Friday, December 16, 2011

`An Appreciation of Close-work'

“A comparatively modern word: not found before 17th cent.”

So says the Oxford English Dictionary of canny, a word written more often than spoken, at least in the U.S., though its first cousin, uncanny, is a Madison Avenue word, pretentious hyperbole. With canny I think clever, competent, crafty, up for the task, shrewd. Richard Stark’s Parker is canny, a con man and ex-con. Odysseus is the model of canniness and cunning. Lawrence I. Lipking writes in his life of Samuel Johnson:

“Actually Johnson never set foot on Grub Street. Yet he enjoys identifying with Odysseus, the canny hero who is never more dangerous than when he masquerades as nobody [“μή τις,” as he tells Polyphemus].”

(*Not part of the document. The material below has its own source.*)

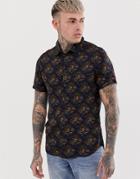 Blend Short Sleeved Shirt With Sunrise Print In Navy-blue
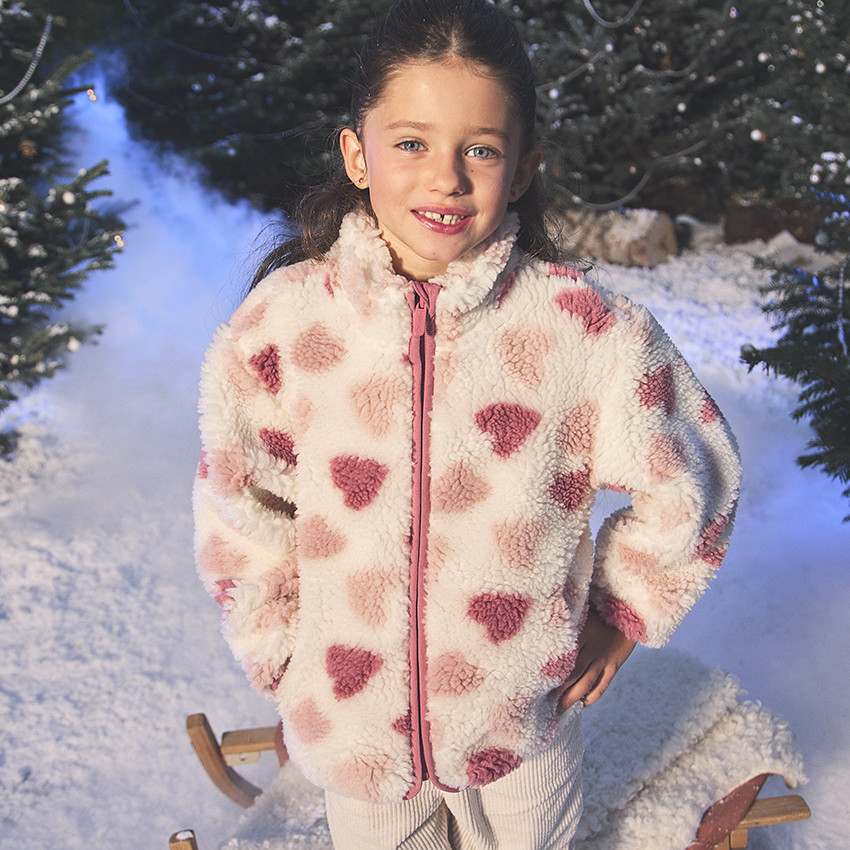 Veste en sherpa imprimé cœurs pour fille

Canny connects with can (“know how to”) and ken (“knowledge”). Among the more obscure definitions is “Of humour: Quiet, sly, ‘pawky’,” a meaning “used by English writers as characteristic of Scottish humour.” Sly is good, foxlike, dissembling. The title of the American poet Campbell McGrath’s “An Irish Word” refers to canny. Here are the opening stanzas:

“Canny has always been an Irish word
to my ear, so too its cousin crafty,
suggesting not only an appreciation of close-work,
fine-making, handwrought artistry,

“but a highly evolved reliance on one’s wits to survive,
stealth in the shadow of repressive institutions,
`silence, exile, and cunning,’ in Joyce’s admonition,
ferret-sly, fox-quick, silvery, and elusive.”

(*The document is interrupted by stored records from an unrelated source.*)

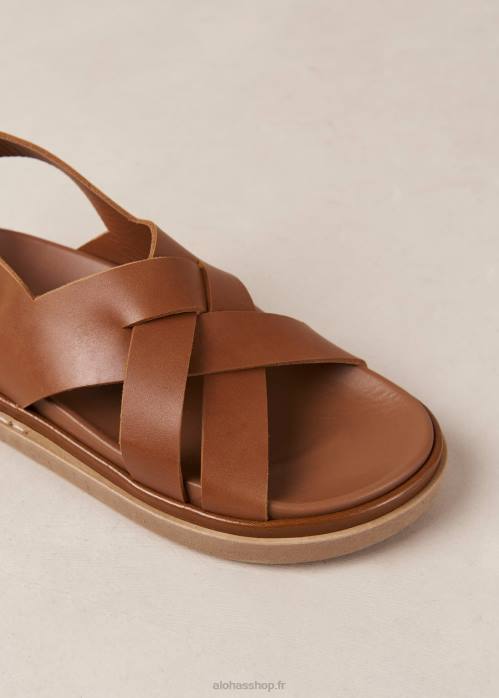 femmes bronzer P64N371 Alohas trunca - sandales en cuir marron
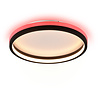 HLW LED LED Ceiling Lamp - Ceiling Lighting - Trion Kio - 18W - RGBW - Dimmable - Adjustable Color - Remote Control - Round - Matte Black - Metal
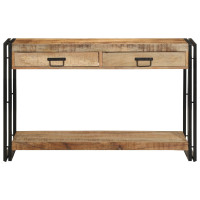 Produktbild för Konsolbord med låda Brun 120 x 33 x 75 cm Massivt mangoträ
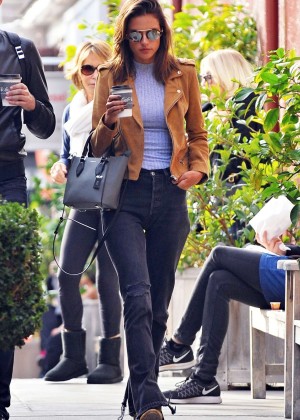 Alessandra Ambrosio grabs some coffee with a friend in Brentwood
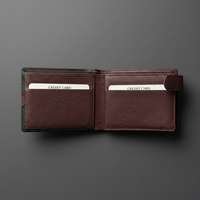 Portefeuille WRIZA en cuir pleine fleur bicolore, design artisanal haut de gamme, profil fin, coutures durables, porte-notes élégant pour un usage quotidien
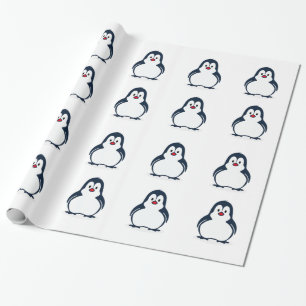 Papier Cadeau Mignon Manchot Animé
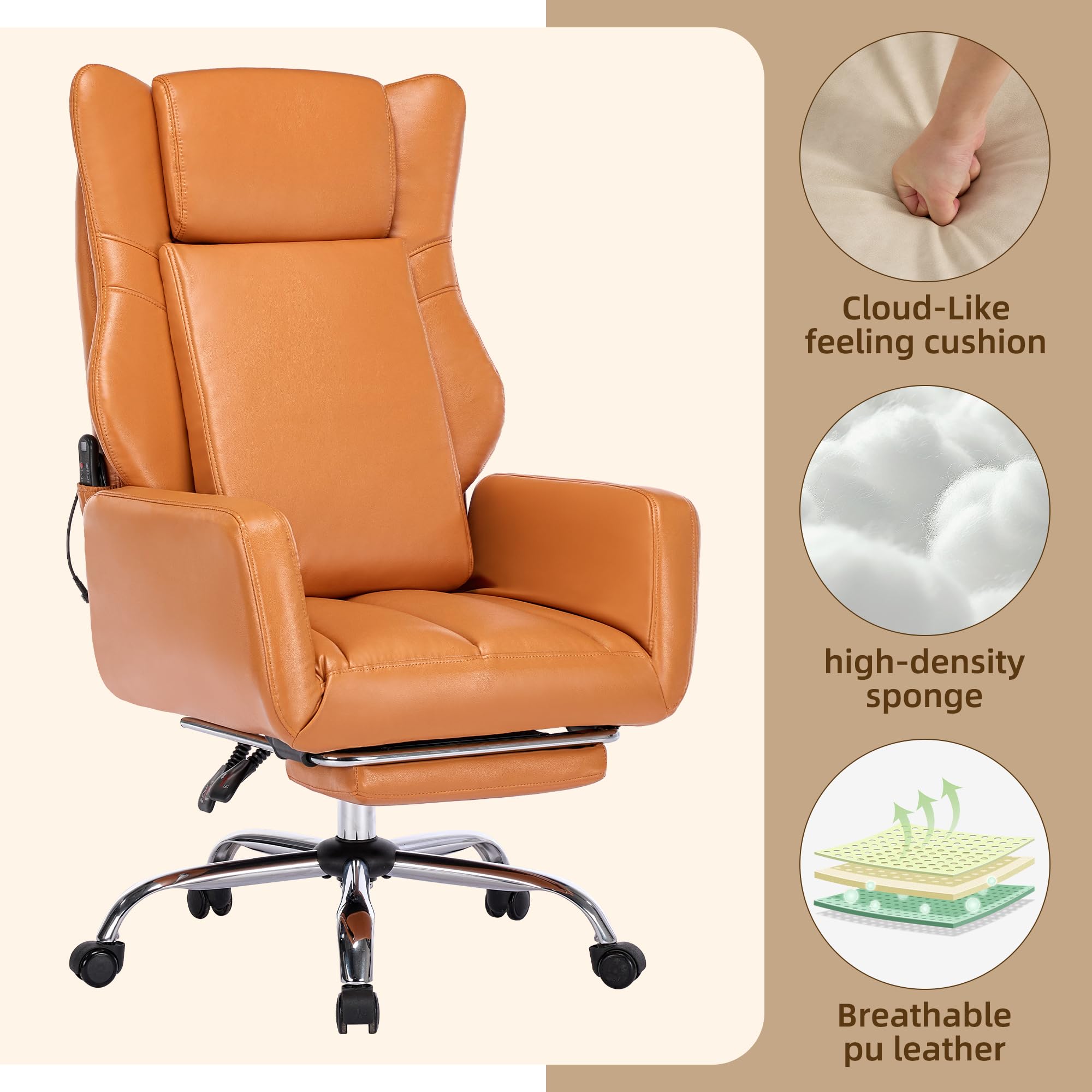Ergonomic Office Chair with Massage and Footrest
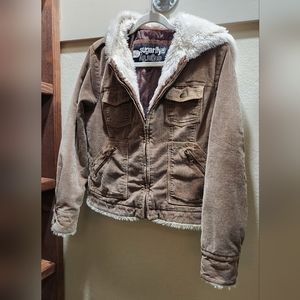 Sugarfly- Corduroy, lined hooded jacket, size large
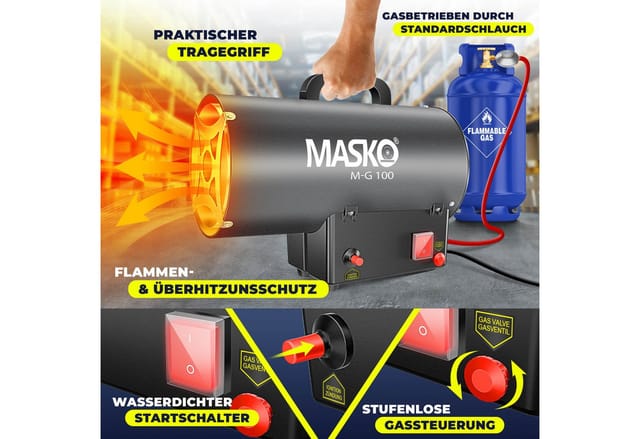 MASKO Heizgerät gasbetrieben inkl. Gasschlauch & Druckminderer Anschluss zu Gasflasche, 10000 W, Gas Heizlüfter mit Turbo Ventilator, Gasheizer Piezo-Zündung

Sticking with Joyce for the moment, canny shows up three times in Finnegans Wake, most suggestively in a phrase that reverses the initials of the novel’s protagonist, Humphrey Chimpden Earwicker:

“Ear canny hare for doubling through Cheeverstown they raced him, through Loughlinstown and Nutstown to wind him by the Boolies.”

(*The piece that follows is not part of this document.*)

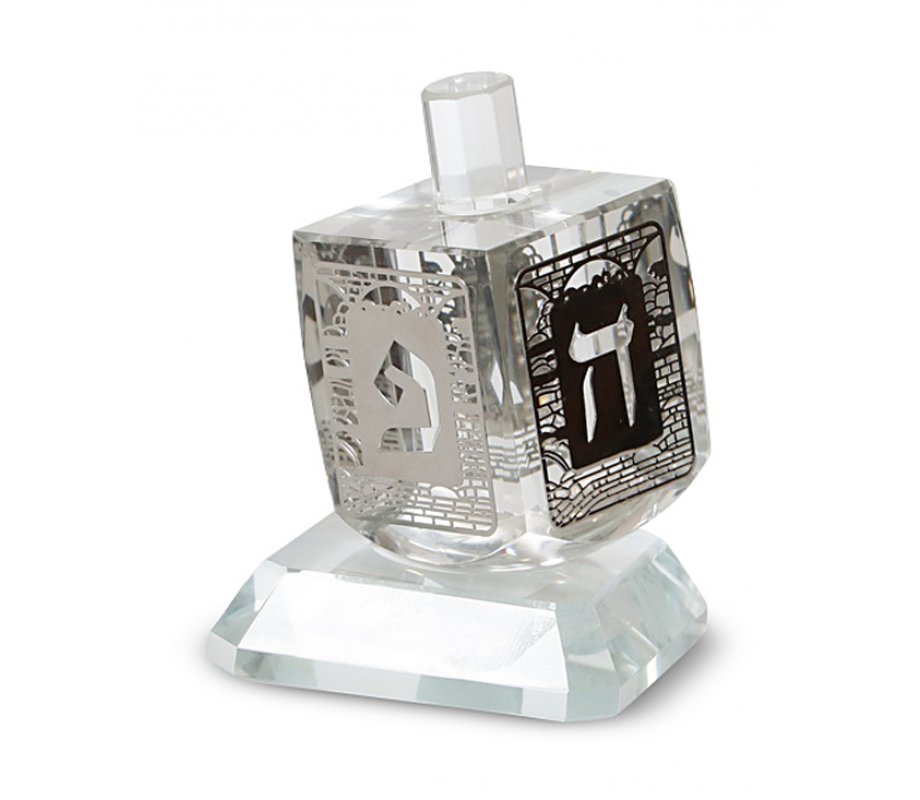 Crystal NO-FALL Decorative DREIDEL on Base, Hebrew Letters Cut out - Silver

“Ear, can he hear?” Anyone can play this game. Canny scholars have built careers around it. Joyce advised in the Wake: “Wipe your glosses with what you know.”

1 comment:

George said...

Odysseus gave his name as "Outis" to the Cyclops. I agree that "me tis" would have had its charms, given that a change of accent changes "metis", nobody to "metis", plan or counsel.